La represión y la tortura tienen un efecto demostración inhabilitante para terceros: aquellos que se enteraban sabían lo que les podía pasar a ellos mismos cualquier día. El objetivo era la parálisis de la sociedad, de sus instituciones, el miedo.





Teniendo a la vista probablemente los sucesos revolucionarios de comienzos del siglo veinte y las guerras mundiales, un destacado intelectual húngaro señalaba que «la sabiduría de lo trágico es la sabiduría de los límites». Viniendo a nuestro presente queremos desde ese señalamiento realizar y compartir con los lectores algunos comentarios respecto a algunos significados de la entrega del Informe de prisión política y tortura.



Primero que nada, constatar que una vez más el tema de los derechos humanos ha vuelto al primer plano de la noticia. Así como antes fue el Informe Rettig, después la detención de Pinochet en Londres, luego la Mesa de Diálogo, ahora la entrega del Informe sobre Prisión política y Tortura. En cada una de esas oportunidades se trató, desde una u otra esfera de influencia o poder, de dar por cerrado el debate, la discusión, la reflexión de los chilenos y chilenas sobre la temática y sus implicancias para el presente-pasado-futuro. Argumentando, casi siempre, que lo conveniente para la salud pública de la sociedad era dejar las cosas hasta ahí. Sin embargo, cada vez un nuevo hecho o suceso azaroso volvía a reflotarlo.

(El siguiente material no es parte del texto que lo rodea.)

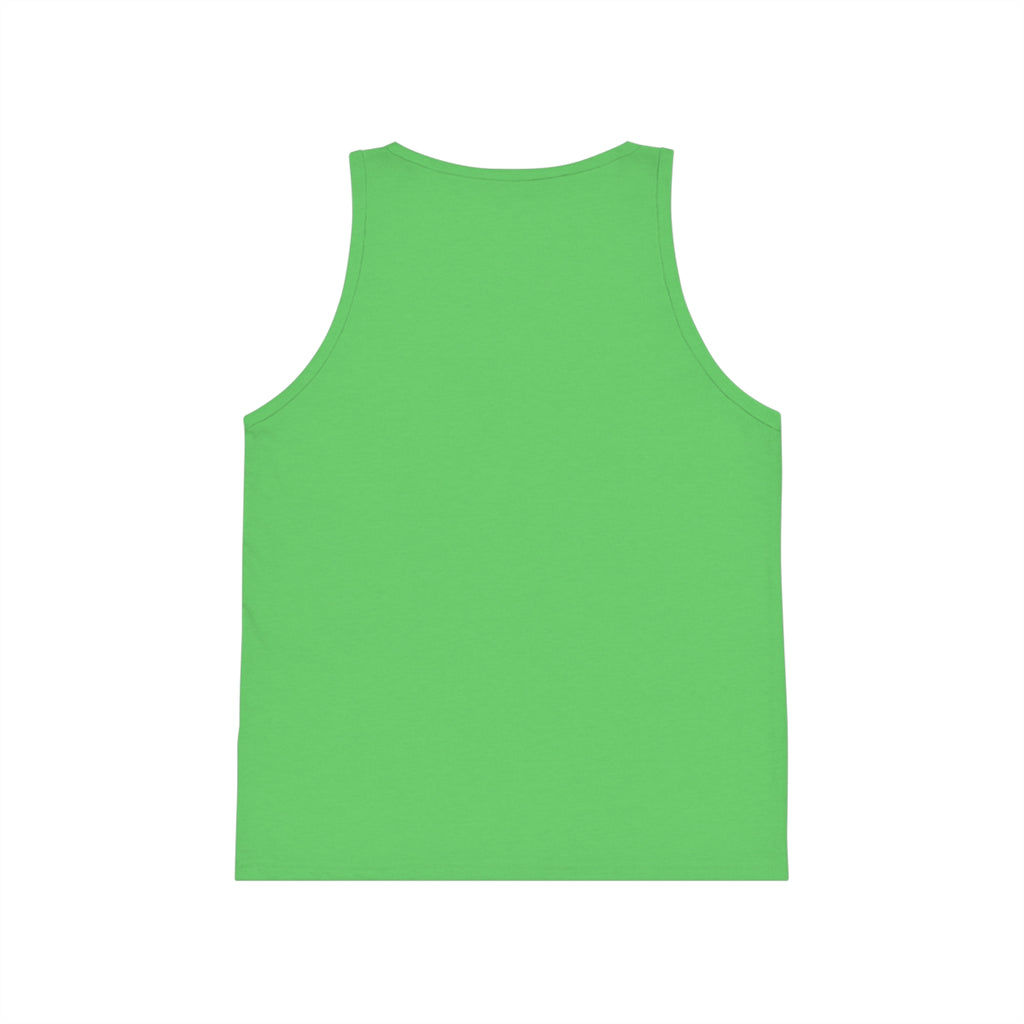 Bella + Canvas | Youth Tank Top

Porfiadamente entonces la herencia de la memoria parece no querer dejarnos. En segundo término, la consideración del tema de los derechos humanos en el mapa político chileno -y latinoamericano-, se relacionó, hay que recordarlo, con la emergencia de regímenes autoritarios (encabezados por las FF.AA., en alianza con sectores civiles y políticos, las más de las veces, de derecha), que profesaban en la mayoría de los casos, una doctrina de la seguridad nacional cruzada por la visión de que al interior de la propia sociedad se podía establecer una línea divisoria entre amigos y enemigos.



El accionar de estos regímenes era visto como el arte que conduce a los amigos a una victoria sobre los enemigos, internos esta vez. La particularidad nacional estuvo en la combinación de esa visión con una mirada neoliberal del orden socioeconómico. Sabemos que esa «victoria» trajo fenómenos como el desaparecimiento forzado de personas, ejecuciones sumarias, exilio, o la práctica sistemática de la tortura realizada desde el propio Estado y sus policías políticas. Sin contar las modificaciones impuestas desde arriba en el campo no sólo de los derechos cívico-políticos, sino también de los derechos sociales. Las justificaciones ideológicas, apoyadas generosamente desde una prensa nacional aliada y adicta, iban desde la defensa de la civilización occidental y cristiana (sic) y el carácter de derecho natural de la propiedad privada, hasta por supuesto la lucha sin cuartel contra el -en aquel entonces existente-, imperio comunista, pasando por el ideario de una modernización que reduce la idea de progreso y desarrollo a una salvación vía el mercado y los técnicos.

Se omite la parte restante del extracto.